- Born: 1957
- Died: 28 December 2009 (aged 52)
- Education: National Institute of Technology, Tiruchirappalli
- Occupation: Corporate executive

= R. Ravimohan =

R. Ravimohan (1957–2009) was an Indian corporate executive of financial and risk management. He was known for his credit rating analysis. He worked with Credit Rating Information Services of India Limited and was with Reliance Industries as its executive director.

==Early life==
He received his bachelor's degree in chemical engineering from Regional Engineering College, Tiruchirappalli (now, known as National Institute of Technology, Tiruchirappalli). He then attended a six-week Advanced Management Program at the Harvard Business School. Ravimohan married Madhuraleckshmi and they had 2 children together - a daughter Hridya and a son Jagad.

==Career==
Ravimohan started his career with ICICI Ltd where he worked in project appraisal, systems designing, credit administration and merchant banking. He was the youngest team member in the project finance department at ICICI. He also worked with Over-the-Counter Exchange of India (OTCEI).

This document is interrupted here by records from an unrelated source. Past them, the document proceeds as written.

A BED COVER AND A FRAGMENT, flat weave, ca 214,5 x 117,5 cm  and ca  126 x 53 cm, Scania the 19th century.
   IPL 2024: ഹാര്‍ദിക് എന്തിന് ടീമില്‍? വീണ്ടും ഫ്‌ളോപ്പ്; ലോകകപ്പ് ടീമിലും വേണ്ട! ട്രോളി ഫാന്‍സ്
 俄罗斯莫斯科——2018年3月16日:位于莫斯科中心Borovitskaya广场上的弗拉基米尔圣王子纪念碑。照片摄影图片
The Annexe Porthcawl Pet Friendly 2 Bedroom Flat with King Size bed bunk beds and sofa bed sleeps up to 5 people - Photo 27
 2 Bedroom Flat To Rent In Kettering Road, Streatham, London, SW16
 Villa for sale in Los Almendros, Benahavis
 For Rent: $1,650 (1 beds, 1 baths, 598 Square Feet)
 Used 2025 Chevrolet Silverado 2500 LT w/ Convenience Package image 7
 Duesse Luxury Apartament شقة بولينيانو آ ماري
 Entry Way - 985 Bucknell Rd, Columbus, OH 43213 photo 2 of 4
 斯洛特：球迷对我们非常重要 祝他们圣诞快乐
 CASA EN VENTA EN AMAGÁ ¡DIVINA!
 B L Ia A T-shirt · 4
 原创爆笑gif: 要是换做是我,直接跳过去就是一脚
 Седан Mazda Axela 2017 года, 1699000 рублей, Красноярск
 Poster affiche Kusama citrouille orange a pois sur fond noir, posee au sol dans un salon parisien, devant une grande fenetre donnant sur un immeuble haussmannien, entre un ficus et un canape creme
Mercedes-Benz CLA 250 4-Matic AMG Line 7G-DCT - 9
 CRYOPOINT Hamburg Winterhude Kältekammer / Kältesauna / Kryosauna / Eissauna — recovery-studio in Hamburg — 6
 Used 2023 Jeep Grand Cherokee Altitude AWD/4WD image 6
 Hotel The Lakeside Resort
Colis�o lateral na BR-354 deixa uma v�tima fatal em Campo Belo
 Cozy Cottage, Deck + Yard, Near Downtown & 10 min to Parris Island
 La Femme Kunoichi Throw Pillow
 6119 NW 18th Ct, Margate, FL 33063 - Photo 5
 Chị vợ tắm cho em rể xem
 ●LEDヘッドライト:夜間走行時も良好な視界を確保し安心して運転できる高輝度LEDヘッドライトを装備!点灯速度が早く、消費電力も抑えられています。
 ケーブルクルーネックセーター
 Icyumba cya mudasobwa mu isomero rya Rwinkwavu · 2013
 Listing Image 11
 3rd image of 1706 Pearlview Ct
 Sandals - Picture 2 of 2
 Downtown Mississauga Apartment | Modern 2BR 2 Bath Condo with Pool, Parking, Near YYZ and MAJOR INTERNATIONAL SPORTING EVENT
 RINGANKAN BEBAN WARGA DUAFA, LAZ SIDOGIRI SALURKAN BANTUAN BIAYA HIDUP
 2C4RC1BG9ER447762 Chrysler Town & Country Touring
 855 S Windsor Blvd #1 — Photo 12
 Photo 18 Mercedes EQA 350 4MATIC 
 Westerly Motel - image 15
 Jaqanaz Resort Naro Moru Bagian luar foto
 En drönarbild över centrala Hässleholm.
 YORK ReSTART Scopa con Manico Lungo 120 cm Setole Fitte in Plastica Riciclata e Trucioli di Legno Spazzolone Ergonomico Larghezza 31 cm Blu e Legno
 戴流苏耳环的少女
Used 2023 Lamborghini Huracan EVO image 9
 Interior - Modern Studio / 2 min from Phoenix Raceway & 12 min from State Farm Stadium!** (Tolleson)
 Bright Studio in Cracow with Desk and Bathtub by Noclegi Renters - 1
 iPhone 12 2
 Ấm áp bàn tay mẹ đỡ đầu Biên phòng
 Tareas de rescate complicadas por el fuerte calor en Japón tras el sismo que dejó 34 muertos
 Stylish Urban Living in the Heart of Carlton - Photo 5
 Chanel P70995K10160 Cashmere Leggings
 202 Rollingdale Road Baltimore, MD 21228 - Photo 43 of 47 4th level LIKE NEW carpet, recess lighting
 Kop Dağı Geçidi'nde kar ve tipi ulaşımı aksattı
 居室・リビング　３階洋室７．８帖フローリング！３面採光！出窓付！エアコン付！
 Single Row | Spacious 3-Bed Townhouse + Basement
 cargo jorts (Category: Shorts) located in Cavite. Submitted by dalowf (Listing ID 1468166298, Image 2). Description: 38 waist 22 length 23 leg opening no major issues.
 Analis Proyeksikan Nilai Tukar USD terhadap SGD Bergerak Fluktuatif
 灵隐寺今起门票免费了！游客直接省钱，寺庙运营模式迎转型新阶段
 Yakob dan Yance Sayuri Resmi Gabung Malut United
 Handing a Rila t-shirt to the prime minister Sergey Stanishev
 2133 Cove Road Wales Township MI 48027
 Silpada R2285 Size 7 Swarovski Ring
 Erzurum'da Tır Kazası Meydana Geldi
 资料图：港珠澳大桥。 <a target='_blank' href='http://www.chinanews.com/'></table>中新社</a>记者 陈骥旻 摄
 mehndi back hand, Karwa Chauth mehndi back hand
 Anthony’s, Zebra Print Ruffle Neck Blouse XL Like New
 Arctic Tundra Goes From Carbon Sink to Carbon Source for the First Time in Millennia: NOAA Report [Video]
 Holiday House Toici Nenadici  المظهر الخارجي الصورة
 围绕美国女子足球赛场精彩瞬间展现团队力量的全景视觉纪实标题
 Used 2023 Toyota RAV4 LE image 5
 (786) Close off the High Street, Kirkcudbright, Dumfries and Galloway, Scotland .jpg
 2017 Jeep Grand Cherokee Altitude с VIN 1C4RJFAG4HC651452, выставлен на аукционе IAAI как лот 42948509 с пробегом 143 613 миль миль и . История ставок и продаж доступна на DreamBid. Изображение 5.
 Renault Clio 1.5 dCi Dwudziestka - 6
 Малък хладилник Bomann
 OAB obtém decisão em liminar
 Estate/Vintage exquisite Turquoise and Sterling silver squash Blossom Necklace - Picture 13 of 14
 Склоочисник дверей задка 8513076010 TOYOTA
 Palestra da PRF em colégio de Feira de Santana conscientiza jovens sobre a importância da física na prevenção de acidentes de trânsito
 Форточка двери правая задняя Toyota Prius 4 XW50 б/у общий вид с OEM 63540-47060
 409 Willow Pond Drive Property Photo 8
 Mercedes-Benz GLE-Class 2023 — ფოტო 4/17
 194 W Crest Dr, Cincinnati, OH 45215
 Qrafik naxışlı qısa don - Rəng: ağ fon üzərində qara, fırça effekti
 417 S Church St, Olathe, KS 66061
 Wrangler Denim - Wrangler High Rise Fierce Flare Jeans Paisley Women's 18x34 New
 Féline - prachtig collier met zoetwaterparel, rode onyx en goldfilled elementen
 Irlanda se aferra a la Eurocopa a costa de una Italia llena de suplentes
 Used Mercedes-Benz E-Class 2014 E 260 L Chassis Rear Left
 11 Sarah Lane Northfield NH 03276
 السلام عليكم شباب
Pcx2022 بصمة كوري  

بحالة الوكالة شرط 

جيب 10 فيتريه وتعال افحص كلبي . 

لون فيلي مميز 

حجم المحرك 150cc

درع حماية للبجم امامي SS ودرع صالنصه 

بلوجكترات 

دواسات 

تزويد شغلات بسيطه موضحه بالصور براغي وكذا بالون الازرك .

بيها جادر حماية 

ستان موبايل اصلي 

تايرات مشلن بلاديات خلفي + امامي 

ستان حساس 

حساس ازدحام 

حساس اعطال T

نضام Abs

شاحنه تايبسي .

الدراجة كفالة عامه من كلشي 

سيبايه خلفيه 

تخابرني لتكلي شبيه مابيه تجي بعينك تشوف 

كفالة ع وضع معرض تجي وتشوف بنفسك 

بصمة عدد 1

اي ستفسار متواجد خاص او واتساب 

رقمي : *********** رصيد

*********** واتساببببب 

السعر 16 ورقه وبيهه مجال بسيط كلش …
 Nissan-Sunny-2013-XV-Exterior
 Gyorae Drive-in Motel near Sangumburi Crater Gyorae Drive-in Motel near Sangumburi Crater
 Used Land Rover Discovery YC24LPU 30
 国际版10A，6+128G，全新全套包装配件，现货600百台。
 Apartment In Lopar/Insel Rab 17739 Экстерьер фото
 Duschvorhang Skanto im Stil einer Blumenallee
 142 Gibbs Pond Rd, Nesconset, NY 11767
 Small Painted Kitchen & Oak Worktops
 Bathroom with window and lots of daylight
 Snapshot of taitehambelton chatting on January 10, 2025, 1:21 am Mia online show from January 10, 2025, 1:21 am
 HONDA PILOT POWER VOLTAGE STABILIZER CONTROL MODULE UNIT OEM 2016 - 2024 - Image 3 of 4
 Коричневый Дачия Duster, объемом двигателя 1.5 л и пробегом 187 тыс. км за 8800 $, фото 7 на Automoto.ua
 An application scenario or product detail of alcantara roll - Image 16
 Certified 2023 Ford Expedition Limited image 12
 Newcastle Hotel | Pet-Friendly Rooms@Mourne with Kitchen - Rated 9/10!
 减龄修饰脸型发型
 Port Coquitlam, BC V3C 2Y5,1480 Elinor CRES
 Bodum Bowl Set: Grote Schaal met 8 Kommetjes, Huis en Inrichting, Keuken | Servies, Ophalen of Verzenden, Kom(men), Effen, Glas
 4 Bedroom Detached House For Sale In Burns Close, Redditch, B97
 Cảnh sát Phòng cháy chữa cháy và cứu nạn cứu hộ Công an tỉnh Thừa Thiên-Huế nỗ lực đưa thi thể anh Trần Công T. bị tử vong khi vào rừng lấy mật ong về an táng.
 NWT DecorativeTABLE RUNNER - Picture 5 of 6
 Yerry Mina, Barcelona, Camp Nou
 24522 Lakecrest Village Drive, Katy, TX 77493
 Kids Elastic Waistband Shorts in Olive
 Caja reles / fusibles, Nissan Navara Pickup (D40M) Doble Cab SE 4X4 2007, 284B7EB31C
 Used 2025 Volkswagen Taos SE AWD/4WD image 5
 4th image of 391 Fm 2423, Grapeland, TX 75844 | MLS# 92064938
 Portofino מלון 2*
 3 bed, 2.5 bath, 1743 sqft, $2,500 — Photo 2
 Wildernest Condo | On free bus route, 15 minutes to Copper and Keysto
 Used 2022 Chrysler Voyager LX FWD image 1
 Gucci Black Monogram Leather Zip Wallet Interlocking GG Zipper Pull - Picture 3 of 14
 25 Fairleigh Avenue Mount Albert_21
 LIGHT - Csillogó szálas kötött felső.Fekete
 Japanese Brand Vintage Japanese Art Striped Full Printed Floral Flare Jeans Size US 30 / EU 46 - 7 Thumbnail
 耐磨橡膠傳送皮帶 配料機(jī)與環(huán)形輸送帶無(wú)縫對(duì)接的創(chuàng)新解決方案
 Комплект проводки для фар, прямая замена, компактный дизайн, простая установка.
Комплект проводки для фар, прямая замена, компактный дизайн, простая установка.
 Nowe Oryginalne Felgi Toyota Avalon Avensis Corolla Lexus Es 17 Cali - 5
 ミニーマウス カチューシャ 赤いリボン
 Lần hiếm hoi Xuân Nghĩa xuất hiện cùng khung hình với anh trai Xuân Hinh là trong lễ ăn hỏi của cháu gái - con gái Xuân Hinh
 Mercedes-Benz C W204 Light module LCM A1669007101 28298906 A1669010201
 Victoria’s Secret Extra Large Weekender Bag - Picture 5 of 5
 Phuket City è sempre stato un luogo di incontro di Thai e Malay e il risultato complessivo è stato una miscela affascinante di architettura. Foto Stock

He spent 16 years with Credit Rating Information Services of India Limited, now the India arm of global ratings major Standard & Poor's (S&P). He developed a unique tool of internal communication — Ravi’s Rantings. He held the position of Managing Director and Region Head of Standard & Poor's for the South and South-East Asia.

Ravimohan joined the Reliance Industries’ board in August as an executive director and was involved in the company’s bid for the petrochemicals maker LyondellBasell Industries.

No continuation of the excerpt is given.